We can combine multiple sequences in any way we want. Obviously, we can come up with some nice looking "tower of lstms" where each level of that tower processes the corresponding F[i] sequence: sequence F1 goes to level T1 which is a bunch of LSTMs; then F2 and the output of T1 go to T2 and so on. The only thing that I think matters is (1) feed all these sequences to the model and (2) have enough weights in the model. And obviously a big GPU farm to run experiments.
Ok, but if we are using a hierarchical model like multilayer lstm, shouldn’t we expect it to learn to extract the relevant info at multiple time scales? I mean, shouldn’t the output of T1 already contain all the important info in F2? If not, what extra information do you hope to supply there via F2?
T1 indeed contains all the info needed, but T1 also has limited capacity and can't capture long patterns. T1 would need to have 100s of billions weights to capture minute long patterns. I think this idea is similar to the often used skip connections.
But the job of T1 is not to capture long term patterns, it’s to extract useful short scale features for T2 so that T2 could extract longer term patterns. T3 would hopefully extract even longer scale patterns from T2 output, and so on. That’s the point of having the lstm hierarchy, right?
Why would you try to manually duplicate this process by creating F1, F2, etc?
The idea of skip connections would be like feeding T1 output to T3, in addition to T2. Again, I’m not sure what useful info F sequences would supply in this scenario.
This sounds reasonable, but I think in practice the capacity of T1 won't be enough to capture long patterns and the F2 sequence is supposed to help T2 to restore the lost info about the longer pattern.
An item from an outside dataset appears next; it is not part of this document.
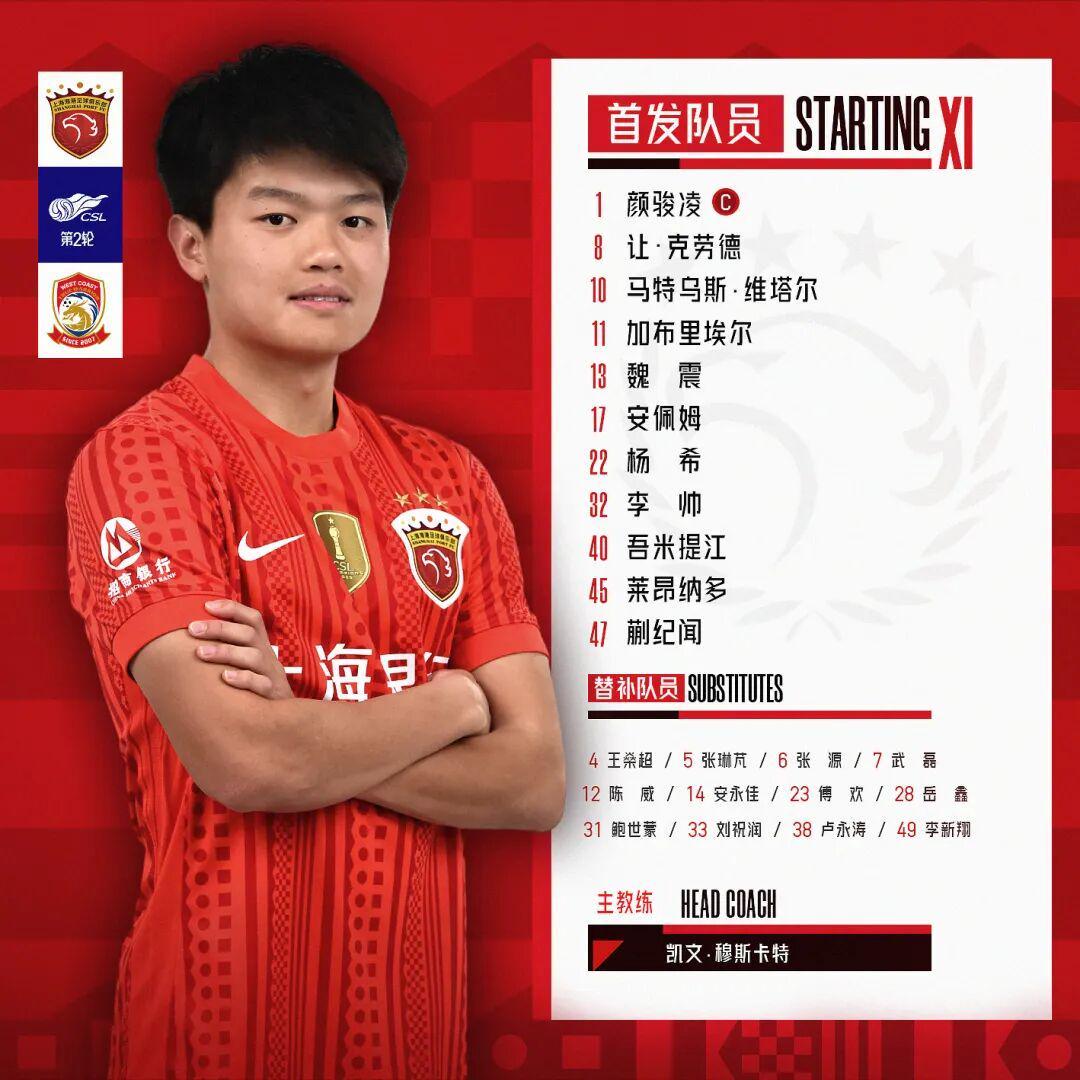 开云体育官网-武磊替补8分钟双响！海港主场大胜西海岸，收获新赛季中超首胜！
The idea is to make T1 really good at capturing small patterns, like speech in pop music, while T2 would be responsible for background music with longer patterns.
Don't we already do this with text translation? Why not to let one model read a printed text pixel by pixel and the other model produce a translation, also pixel by pixel? Instead we choose to split printed text into small chunks (that we call words), give every chunk a "word vector" (those word2vec models) and produce text also one word at a time.
I didn’t quite get it. How would you feed this variable sized input?